**SOURCE RECORDS:**
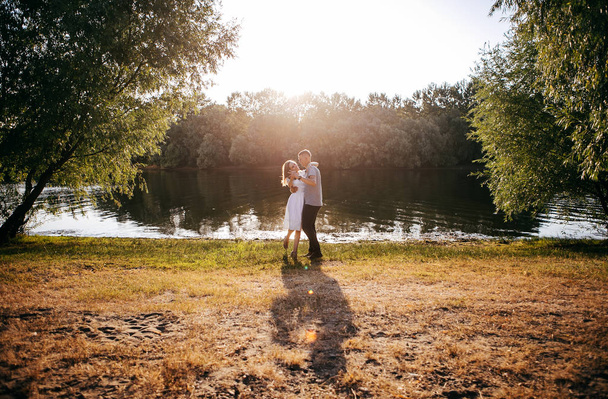 young couple in love posing on outdoor photo - session  - Photo, Image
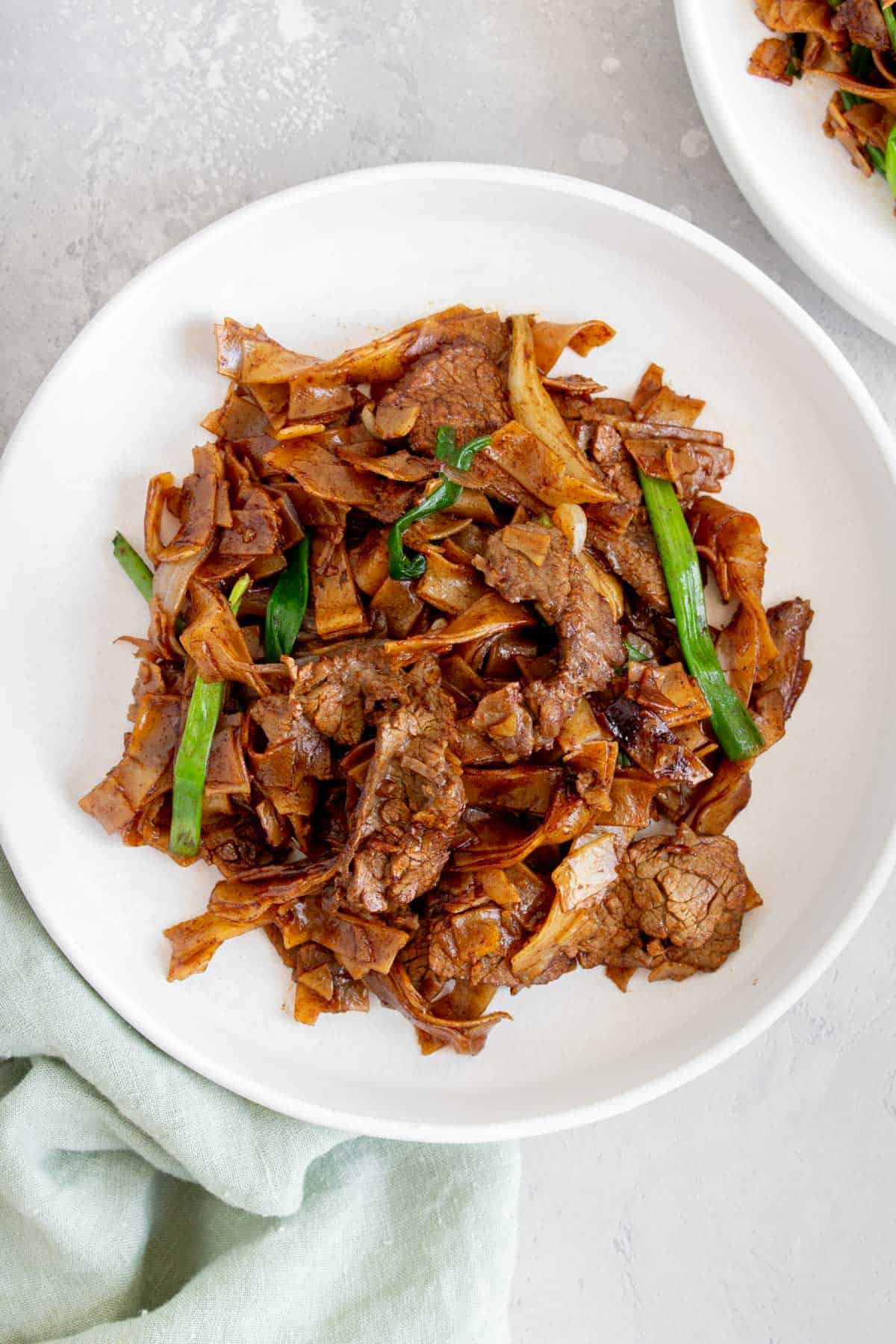 Close up of a plate of beef chow fun.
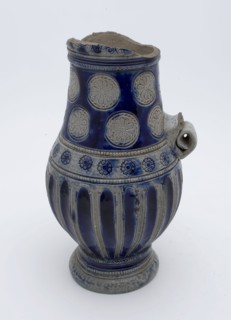 Slender stoneware jug with rosettes on the neck, wide flutes on the belly, ear, jug crockery holder soil find ceramic stoneware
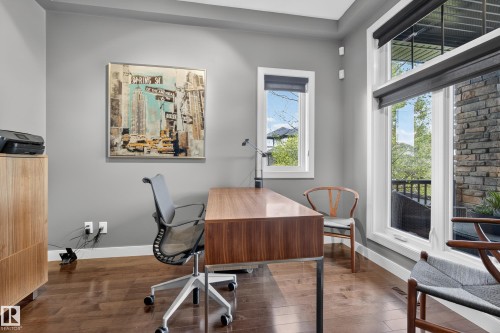 Hardwood-finish flooring, light grey wall paint, and white trim complement the large windows featuring dark roller shades - 2760 Watcher Way, Edmonton, AB - Indoor Photo Showing Office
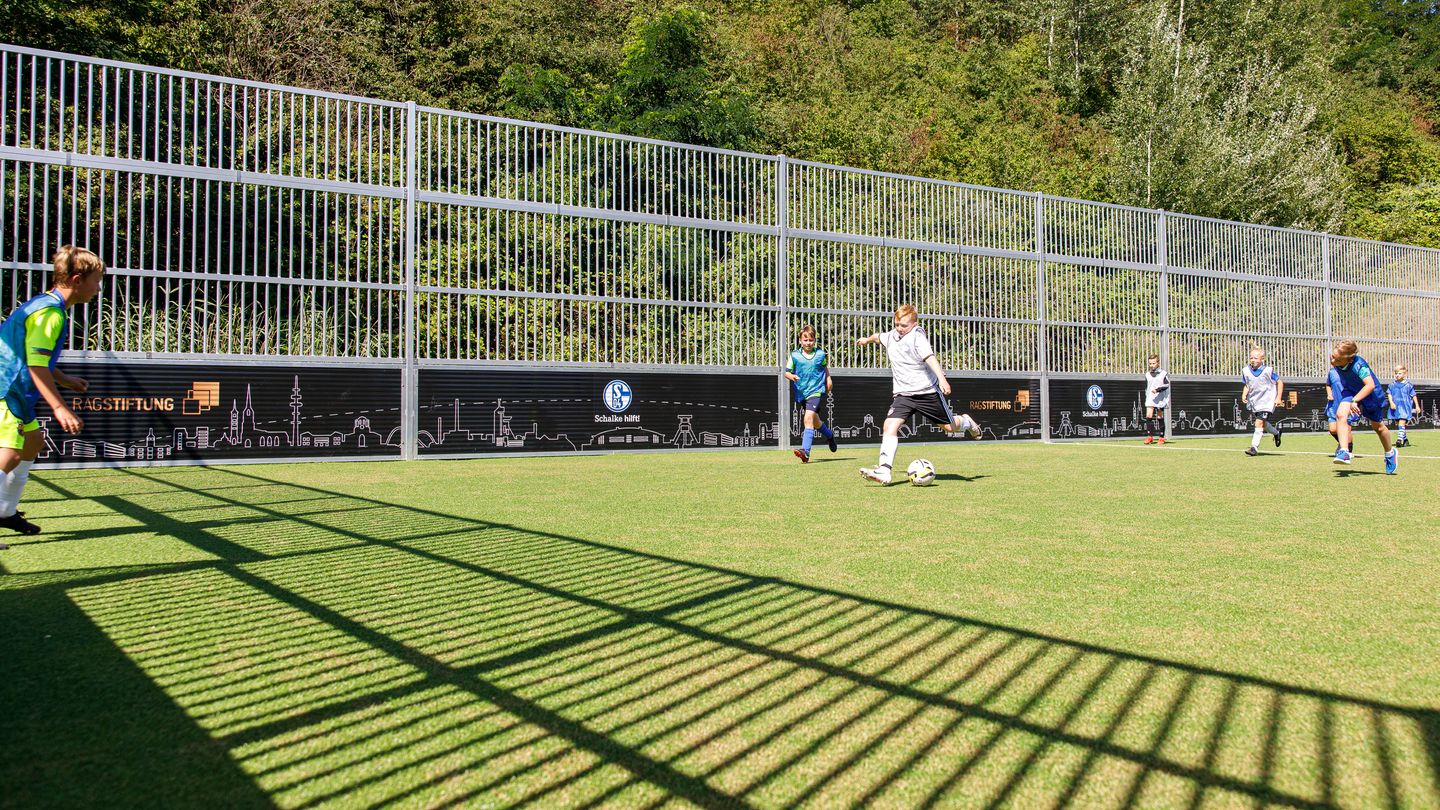 Kinder spielen Fußball auf dem Rasen des eingezäunten Bolzplatzes. An der Bande sind die Logos von Schalke hilft! und der RAG-Stiftung zu sehen.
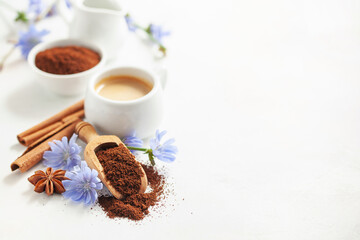 Diet drink chicory in a cup - coffee substitutes, powder and flowers on the white background.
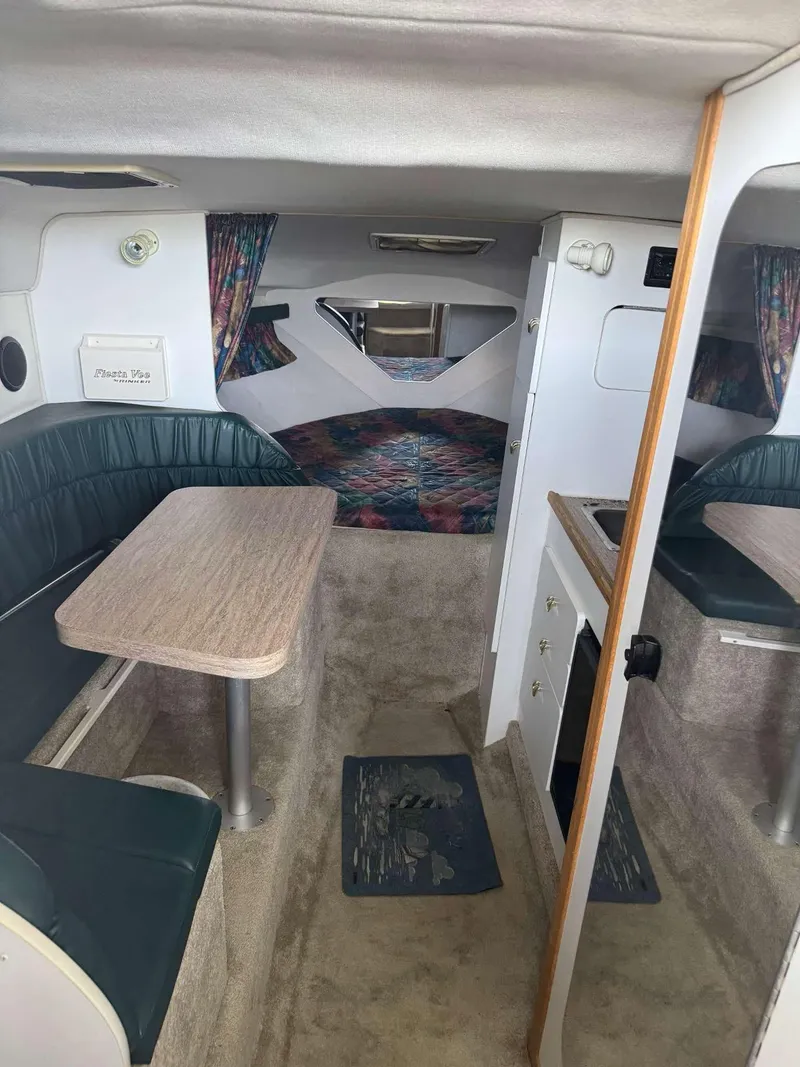 Slide: The Image of Interior of a 1996 Rinker 280 Fiesta Vee boat with seating and table. - 15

**EXERCISE BRIEF:**
Transcribe the entries above verbatim, omitting their pictures.

**RESPONSE TO THIS EXERCISE:**
 young couple in love posing on outdoor photo - session  - Photo, Image
 Close up of a plate of beef chow fun.
 Slender stoneware jug with rosettes on the neck, wide flutes on the belly, ear, jug crockery holder soil find ceramic stoneware
 Hardwood-finish flooring, light grey wall paint, and white trim complement the large windows featuring dark roller shades - 2760 Watcher Way, Edmonton, AB - Indoor Photo Showing Office
 Kinder spielen Fußball auf dem Rasen des eingezäunten Bolzplatzes. An der Bande sind die Logos von Schalke hilft! und der RAG-Stiftung zu sehen.
 Diet drink chicory in a cup - coffee substitutes, powder and flowers on the white background.
 Slide: The Image of Interior of a 1996 Rinker 280 Fiesta Vee boat with seating and table. - 15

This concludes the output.